House lawmakers have decided to turn the anti-Russia hysteria in Washington up another notch, adding a formal request for the Pentagon to make a formal assessment of what would happen if a nuclear weapon were detonated in outer space in a must-pass piece of defense legislation.
“The committee is concerned about recent reports that Russia is developing a ‘space-based capability to attack satellites on-orbit using a nuclear weapon’. Further, the committee is concerned that if such an attack occurred, the blast would cause indiscriminate damage to systems in orbit. Therefore, the committee direct [sic] the Secretary of Defense, in coordination with the Administrator for Nuclear Security, to provide a report to the House Committee on Armed Services no later than February 28, 2025, on the impacts of a detonation of a nuclear weapon in space,” the request, buried inside the draft US National Defense Authorization Act for Fiscal Year 2025, urges.
The request comes in the wake of a spate of reports in US media beginning in February citing senior officials about an alleged secret Russian program to developed a space-based nuke which can be detonated in space to decimate US satellite constellations using a powerful shockwave.
President Putin emphasized that no such plans exist, saying Russia’s position on the matter has been “clear and transparent,” that Moscow has “always been categorically against the placement of nuclear weapons in space,” and that the US “knows” this.
Outgoing Defense Minister Sergei Shoigu confirmed this information. “We haven’t deployed any nuclear weapons in space or any elements of them to use against satellites or to create fields where satellites can’t work efficiently,” Shoigu said at a meeting with Putin in February.

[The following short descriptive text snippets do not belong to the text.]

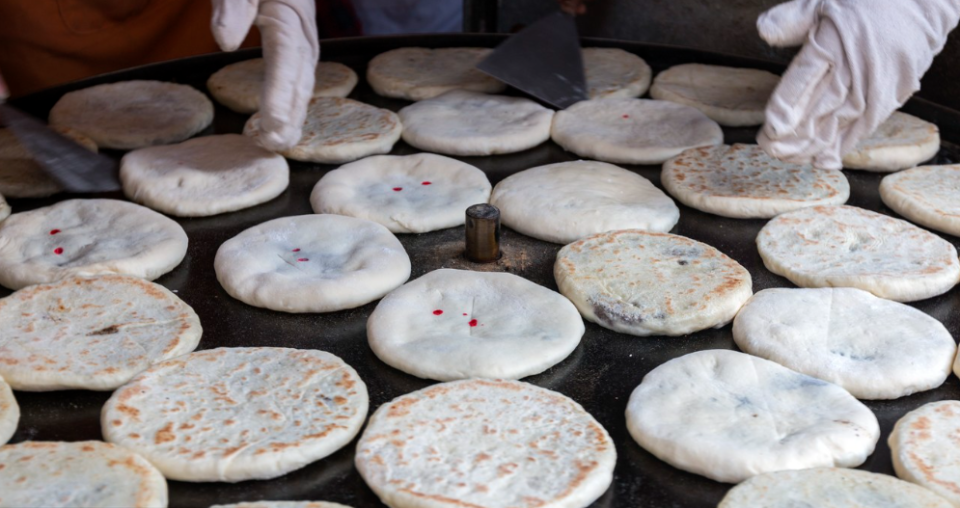 如此丰富的做法一起来看看昆明官渡粑粑官渡粑粑是昆明有名的街头小吃
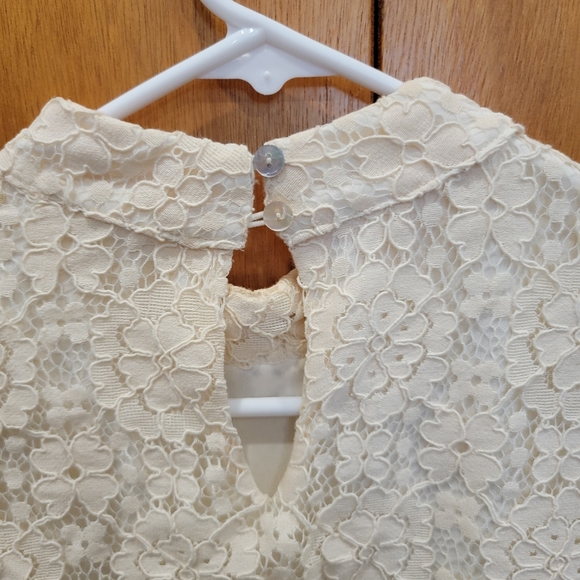 Lace top - Picture 4 of 4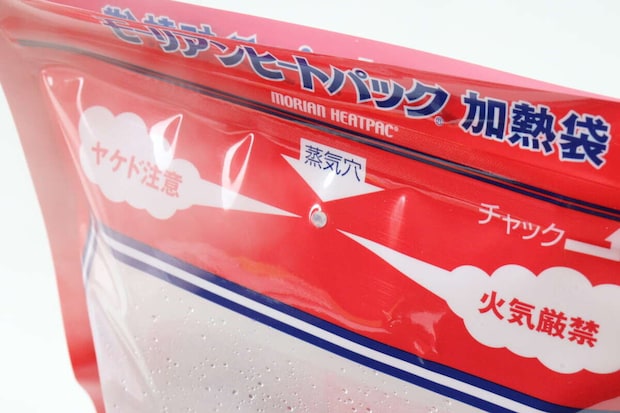 ダイソーのモーリアンヒートパックの蒸気穴から蒸気が出る様子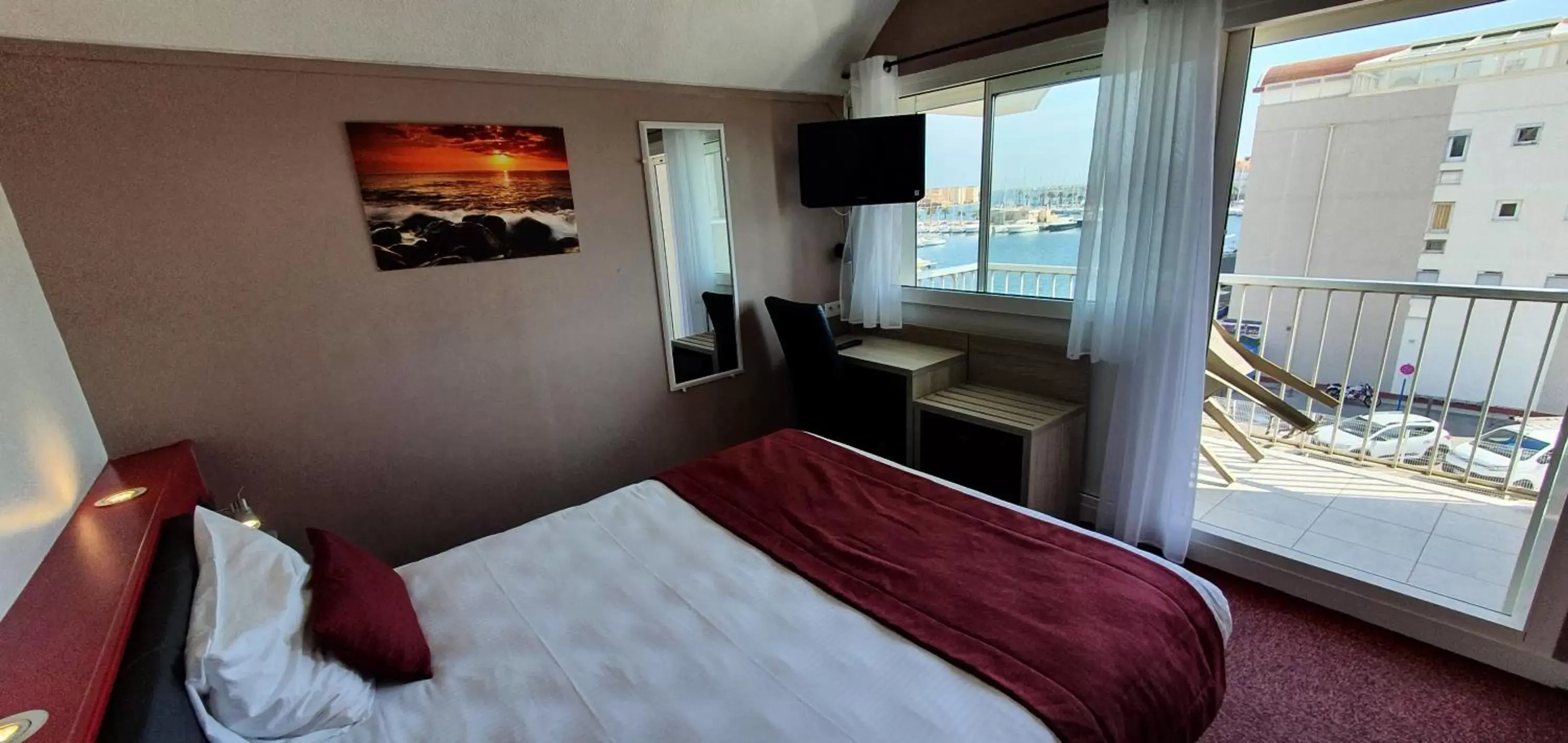 Bedroom, Bed in Hôtel Port Beach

The clamor in Washington regarding the alleged Russian ‘secret space nuke’ threat prompted President Biden to formally assure Americans that “there is no nuclear threat to the people of America or anywhere else in the world” stemming from Russia’s anti-satellite technology. Secretary of State Antony Blinken muddied the waters by saying that while “this is not an active capability,” it is a “potential one that we’re taking very, very seriously.”
Russian Deputy Foreign Minister Sergei Ryabkov slammed reporting in US media that US officials had reached out to Moscow to “privately warn” Russia about its non-existent nuclear-anti-satellite weapon, telling reporters earlier this year that “there is no and cannot be any progress on this issue” because the American accusations are patently absurd to begin with.

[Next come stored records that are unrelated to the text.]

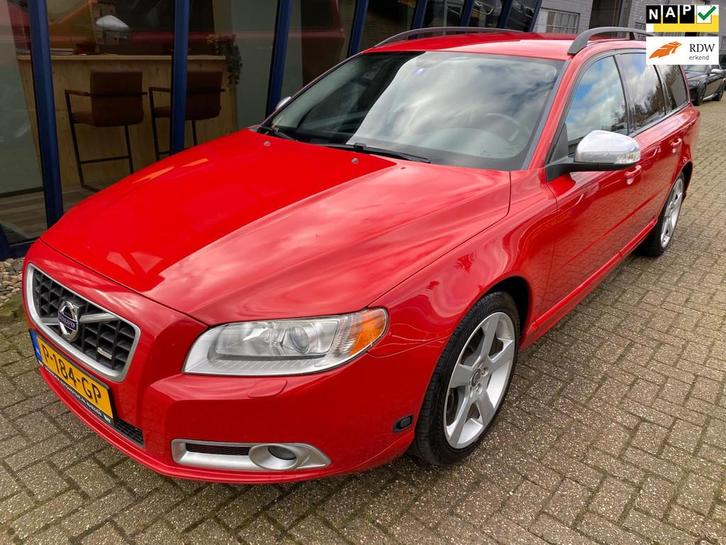 Volvo V70 2.5FT R-Design 230PK LEER / XENON / TREKHAAK / PDC, Auto's, Volvo, Bedrijf, Te koop, V70, ABS, Airbags, Airconditioning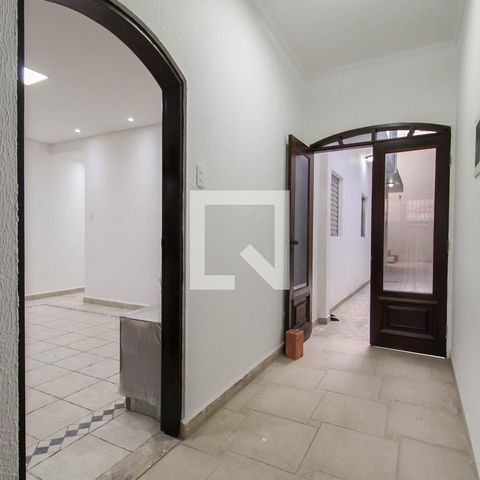 Casa à venda com 135m², 4 quartos e 1 vagaEntrada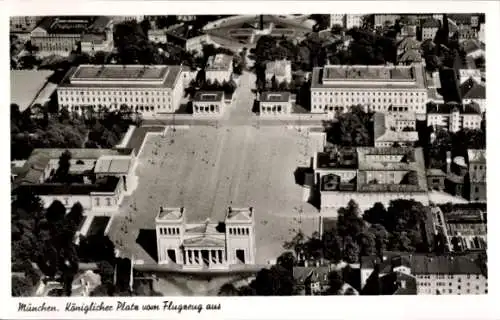 Ak München, Königlicher Platz, Fliegeraufnahme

Ryabkov emphasized that Russia has no intentions of pulling out of the 1967 Outer Space Treaty, the document which bans the deployment of nuclear and other weapons of mass destruction in space.
The Russia-US spat over space-based nukes has since expanded to the UN, where the two countries issued competing draft resolutions. The American resolution was vetoed by Russia last month on the grounds that it constituted a politicized “propaganda stunt,” and did not go far enough in banning all types of weapons in space. Moscow proposed a rival resolution which would not only stop the deployment of nuclear weapons in space, but prevent “the threat or use of force in outer space,” period.
The US has regularly accused Russia of militarizing space while ramping up its own space-based warfare capabilities. The Trump administration formally established the Space Force as a separate branch of the US military in 2019, and has discussed openly the need to turn space into a new “warfighting domain.” Late last year, Marine Corps General Matthew Glavy said the US must “win the space domain” to win the wars of the future.
Russia and China have been proposing a binding treaty prohibiting the deployment of weapons in space since the late 2000s, with the 2008 Proposed Prevention of an Arms Race in Outer Space (PAROS) Treaty offering a comprehensive space-based arms control agreement prohibiting the placement of weaponry, antisatellite and other advanced military technology in space.
The US has rejected the agreement as a “diplomatic ploy” designed to give Moscow and Beijing a “military edge” over Washington.
Russia and China have returned to the draft treaty repeatedly as a jumping off point for future negotiations.